First Friday of the month Community Access Day
Date/Time: Oct 3 2025, 2:00 pm to 5:00 pm
Vancouver, Bill Reid Gallery of Northwest Coast Art | Event calendarCost: Free
FREE admission from 2 pm to 5 pm every first Friday of the month.
Thank you to our Community Access Partner Downtown Van for helping us to remove barriers to access and to participate in arts and culture—together we make Downtown Vancouver a place where everyone feels welcome.
Kihl ‘Yahda Christian White: Master Haida Artist
On View: February 1, 2025 – February 1, 2026.
This exhibition is the first major solo exhibition of Haida artist Kihl ‘Yahda, Christian White. Guest curated by Sdahl Ḵ'awaas, Lucy Bell, also of the Haida Nation, the exhibition features artworks that span the entirety of Christian’s 50-year career, as well as collaborative works from several of his apprentices.
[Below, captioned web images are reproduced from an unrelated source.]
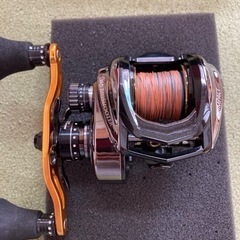 ビックシューターコンパクト8 右巻き　美品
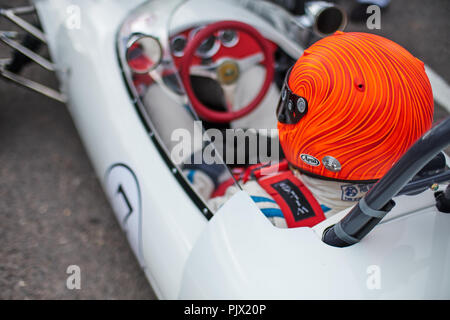 Chichester, West Sussex, Regno Unito, 9 settembre 2018. Preparazione per il Chichester Cupduring Goodwood revival at Goodwood Circuito motorino. Foto di gergo Toth / Alamy Live News Foto Stock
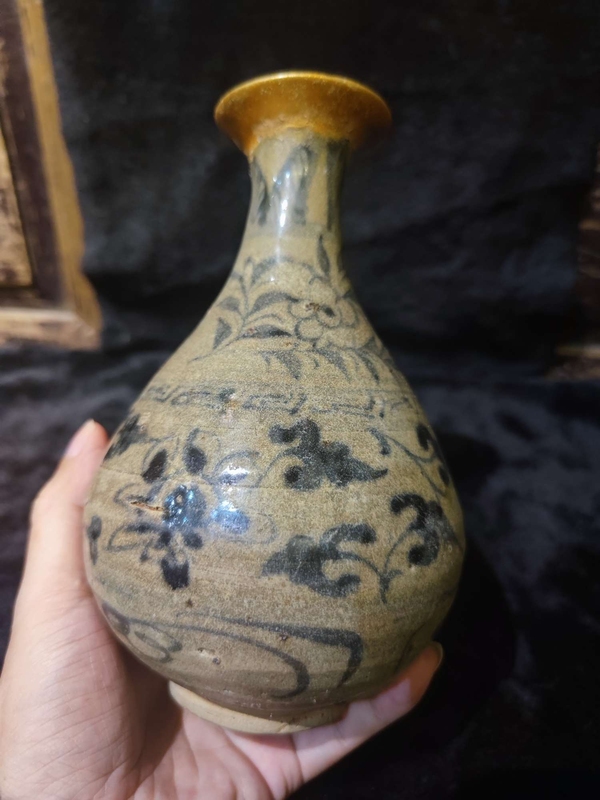 古玩陶瓷元代末青花花卉紋玉壺春瓶拍賣,當前價格9800元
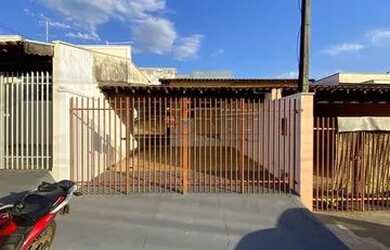 Imagem: A casa possui 2 Dormitórios, 1 Banheiro, 2 Vagas na garagem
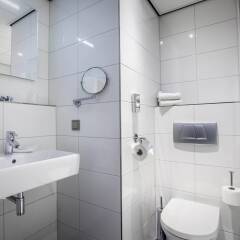Отель Die Port van Cleve Hotel Нидерланды, Амстердам - 6 отзывов об отеле, цены и фото номеров - забронировать отель Die Port van Cleve Hotel онлайн ванная фото 2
Christian White is of the Yahgulaanas Haida Raven Clan. Influenced by his father Chief Edenshaw, Christian and his family have been major forces in keeping the Haida culture, art and language alive. Early highlights of his career include the creation of a 35-foot pole with his father, and the carving of a sculpture titled Raven Dancer, which was purchased by the Museum of Anthropology in Vancouver, BC, when he was only 22 years old and the recent Tluuwée Kwiiyaas, a 52-foot canoe.
He is best known for his intricate argillite carvings, inlay work and monumental works. Christian also creates wood-carved masks and boxes, gold and silver jewelry, and steamed cedar canoes. He began carving argillite at fourteen and has been working as a full-time artist since the age of seventeen. In 2005, Christian constructed a traditional longhouse in his home village of Old Massett which is the home of Tluu Xaada Naay Society and dance group.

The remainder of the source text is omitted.